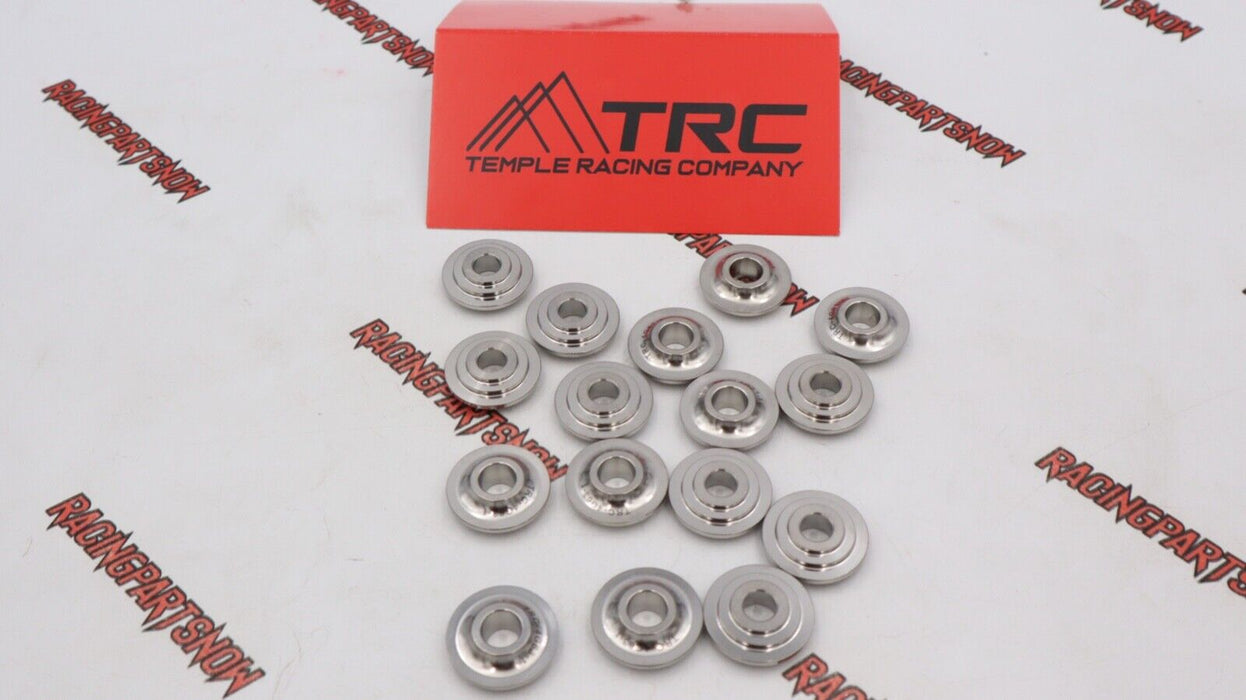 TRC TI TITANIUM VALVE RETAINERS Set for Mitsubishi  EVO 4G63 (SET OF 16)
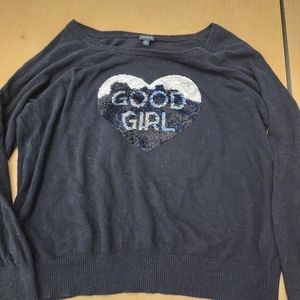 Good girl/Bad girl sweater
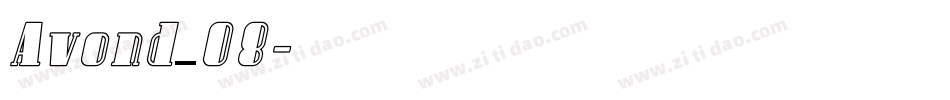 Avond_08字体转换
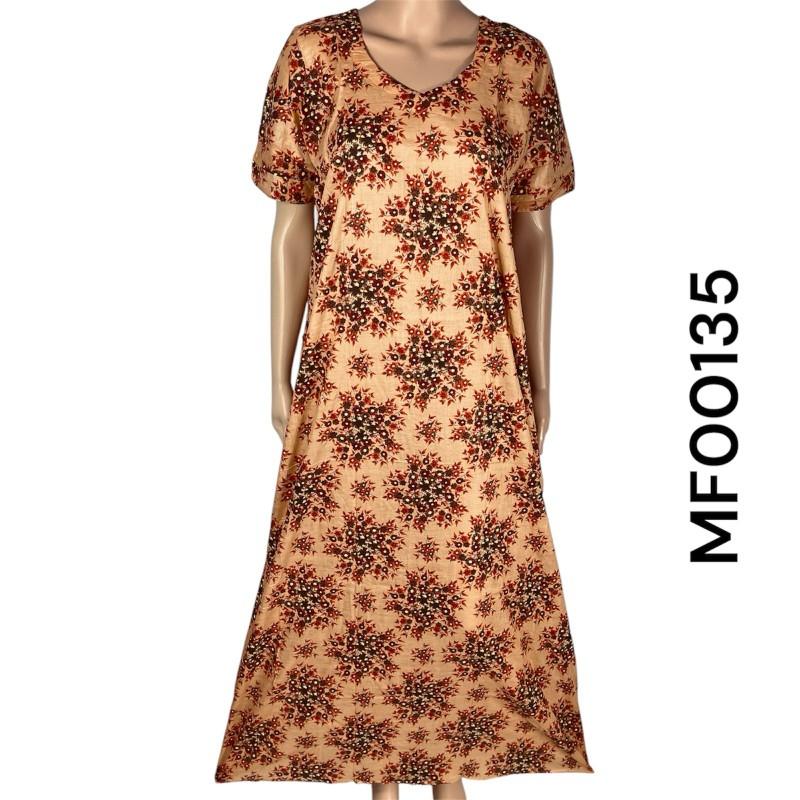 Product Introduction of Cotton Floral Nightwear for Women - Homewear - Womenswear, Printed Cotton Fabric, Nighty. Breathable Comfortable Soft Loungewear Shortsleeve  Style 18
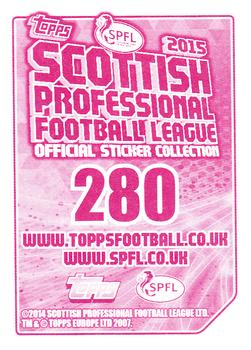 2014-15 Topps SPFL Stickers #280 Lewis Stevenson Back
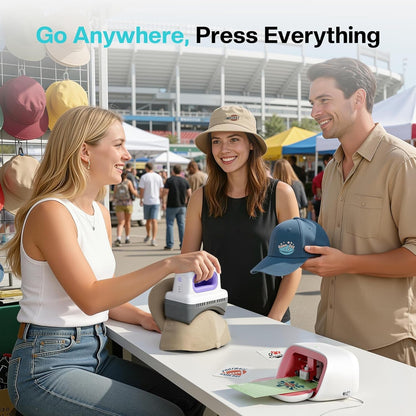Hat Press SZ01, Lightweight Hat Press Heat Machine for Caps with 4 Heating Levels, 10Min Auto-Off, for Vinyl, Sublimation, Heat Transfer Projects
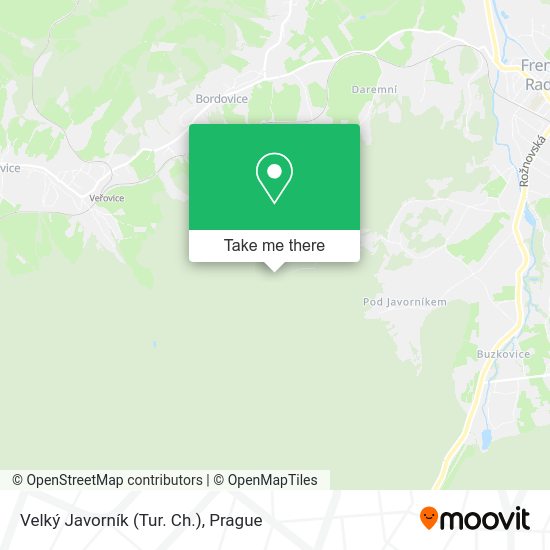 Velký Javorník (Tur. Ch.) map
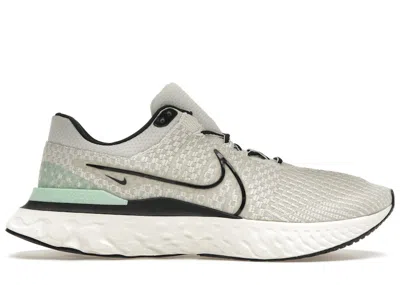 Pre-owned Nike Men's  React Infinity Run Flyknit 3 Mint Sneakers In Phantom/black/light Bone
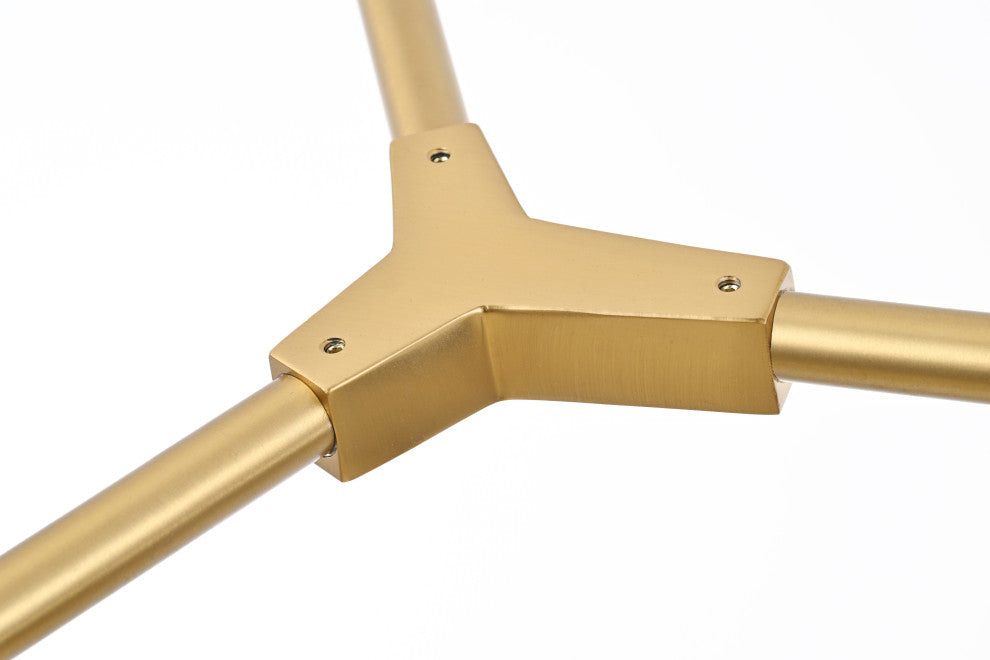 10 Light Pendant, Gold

──────

[Goal of the exercise] With pictures omitted, copy exactly the lines from the one containing "Velký Javorník (Tur. Ch.) map" through the final line of the listing, both included.

[Solution to the exercise]
 Velký Javorník (Tur. Ch.) map
 Pre-owned Nike Men's  React Infinity Run Flyknit 3 Mint Sneakers In Phantom/black/light Bone
 10 Light Pendant, Gold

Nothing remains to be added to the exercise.